Multidisciplinary therapy comparable to standard treatment for cutting cardiovascular markers in ACS
Screening for obstructive sleep apnoea and multifaceted treatment during the subacute phase of acute coronary syndrome (ACS) does not lower cardiovascular marker levels more than standard therapy, a recent study has found.
Researchers randomly assigned 159 patients to receive either sleep-study guided multidisciplinary therapy (SGMT; n=70; mean age, 55.6±9.0 years; 91.4 percent male) or standard therapy (n=89; mean age, 54.2±7.4 years; 87.6 percent male). The primary study endpoint was the change in plasma N-terminal pro-brain natriuretic peptide (NT-proBNP) levels after 7 months.

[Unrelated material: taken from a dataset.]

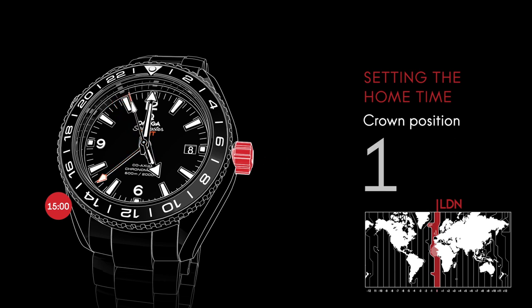Next, pull the crown out to position 2 and turn the hour hand to 3 o'clock. This won't affect the position of the 24-hour hand and the running minute and seconds hands. Both hour hands should now indicate 3 p.m. on their respective scales.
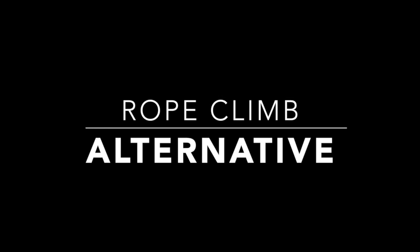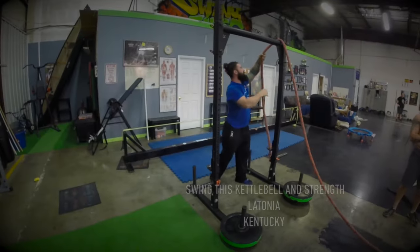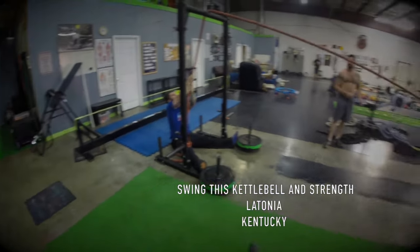What's going on everybody? Joe Daniels here for Swingin' This Kettlebell on Strength. Here is a very important exercise addition you can do and give to your clients that may or may not be able to climb a rope.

NT-proBNP decreased with time in both treatment arms. No significant between-group differences were reported at baseline (579±1,117 vs 611±899 pg/dL; p=0.851) and after 4 (115±222 vs 114±226 pg/dL; p=0.990) and 7 (90±167 vs 93±174 pg/dL; p=0.996) months of follow-up.
Similarly, the magnitudes of change from baseline were comparable between groups after 4 (–464 vs –497 pg/dL; p=0.792) and 7 (–489 vs –518 pg/dL; p=0.726) months.
Levels of plasma suppression of tumorigenicity 2 and high-sensitivity C-reactive protein likewise were not significantly different between the two groups.
These resulted in similar risks. At the 7-month follow-up, the estimated likelihood of developing fatal cardiovascular disease within 10 years was 2.1±1.8 percent in the SGMT group and 2.0±2.4 percent in the controls (p=0.176). At this time point, major adverse cardiac and cerebrovascular events also occurred with comparable frequencies between groups.